### DESCRIPTION OF THE TASK
Write down exactly the line where "BenchK 112 - Remarques: - 4" occurs and every line that follows it through the end of the material below; include nothing else.

### DATA SECTION
*****

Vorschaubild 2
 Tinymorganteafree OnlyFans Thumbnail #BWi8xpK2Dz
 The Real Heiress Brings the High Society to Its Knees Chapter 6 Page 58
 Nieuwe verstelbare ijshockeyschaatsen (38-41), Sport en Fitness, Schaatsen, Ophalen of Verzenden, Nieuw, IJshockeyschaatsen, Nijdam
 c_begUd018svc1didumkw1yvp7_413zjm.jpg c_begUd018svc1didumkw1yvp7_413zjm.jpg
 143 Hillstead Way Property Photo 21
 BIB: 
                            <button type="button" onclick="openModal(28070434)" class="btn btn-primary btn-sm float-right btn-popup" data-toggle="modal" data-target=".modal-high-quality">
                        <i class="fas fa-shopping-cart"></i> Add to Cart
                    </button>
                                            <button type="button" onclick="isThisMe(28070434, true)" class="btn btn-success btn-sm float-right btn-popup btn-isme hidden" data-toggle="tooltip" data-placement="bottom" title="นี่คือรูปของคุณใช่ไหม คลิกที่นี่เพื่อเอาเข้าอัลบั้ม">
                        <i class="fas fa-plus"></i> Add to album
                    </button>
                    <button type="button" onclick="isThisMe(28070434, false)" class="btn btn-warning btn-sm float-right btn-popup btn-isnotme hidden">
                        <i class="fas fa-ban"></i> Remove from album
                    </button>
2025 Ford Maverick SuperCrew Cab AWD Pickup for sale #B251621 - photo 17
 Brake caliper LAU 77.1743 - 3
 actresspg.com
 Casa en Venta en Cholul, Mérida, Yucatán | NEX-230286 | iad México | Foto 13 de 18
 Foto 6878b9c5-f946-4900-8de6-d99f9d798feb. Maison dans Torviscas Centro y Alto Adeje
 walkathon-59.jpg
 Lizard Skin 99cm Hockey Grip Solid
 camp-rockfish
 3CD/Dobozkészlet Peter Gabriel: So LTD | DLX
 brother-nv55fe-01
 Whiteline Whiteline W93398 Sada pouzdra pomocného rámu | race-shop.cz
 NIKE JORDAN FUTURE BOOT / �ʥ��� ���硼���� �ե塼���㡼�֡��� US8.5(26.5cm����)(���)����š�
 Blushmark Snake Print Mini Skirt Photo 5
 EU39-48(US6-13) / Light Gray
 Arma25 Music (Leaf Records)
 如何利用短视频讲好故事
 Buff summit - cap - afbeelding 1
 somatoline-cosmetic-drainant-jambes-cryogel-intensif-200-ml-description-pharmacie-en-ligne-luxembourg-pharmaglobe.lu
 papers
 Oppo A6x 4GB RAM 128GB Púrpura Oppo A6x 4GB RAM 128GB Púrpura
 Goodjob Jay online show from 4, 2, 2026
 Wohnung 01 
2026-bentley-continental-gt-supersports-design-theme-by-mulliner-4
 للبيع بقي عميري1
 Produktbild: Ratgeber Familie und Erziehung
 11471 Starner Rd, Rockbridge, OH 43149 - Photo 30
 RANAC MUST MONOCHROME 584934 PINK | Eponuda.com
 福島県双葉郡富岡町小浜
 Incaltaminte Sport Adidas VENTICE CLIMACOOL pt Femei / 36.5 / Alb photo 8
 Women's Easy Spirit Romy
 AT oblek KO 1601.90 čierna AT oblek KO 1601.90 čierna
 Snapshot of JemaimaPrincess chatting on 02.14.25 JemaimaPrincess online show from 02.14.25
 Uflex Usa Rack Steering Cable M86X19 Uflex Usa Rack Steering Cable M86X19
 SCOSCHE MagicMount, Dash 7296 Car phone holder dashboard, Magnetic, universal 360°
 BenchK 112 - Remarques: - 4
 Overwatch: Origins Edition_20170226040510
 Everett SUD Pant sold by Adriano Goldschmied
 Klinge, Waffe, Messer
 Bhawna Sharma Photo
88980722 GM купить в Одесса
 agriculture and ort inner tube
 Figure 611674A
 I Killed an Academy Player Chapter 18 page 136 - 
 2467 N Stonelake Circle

*****

### THE ANSWER
 BenchK 112 - Remarques: - 4
 Overwatch: Origins Edition_20170226040510
 Everett SUD Pant sold by Adriano Goldschmied
 Klinge, Waffe, Messer
 Bhawna Sharma Photo
88980722 GM купить в Одесса
 agriculture and ort inner tube
 Figure 611674A
 I Killed an Academy Player Chapter 18 page 136 - 
 2467 N Stonelake Circle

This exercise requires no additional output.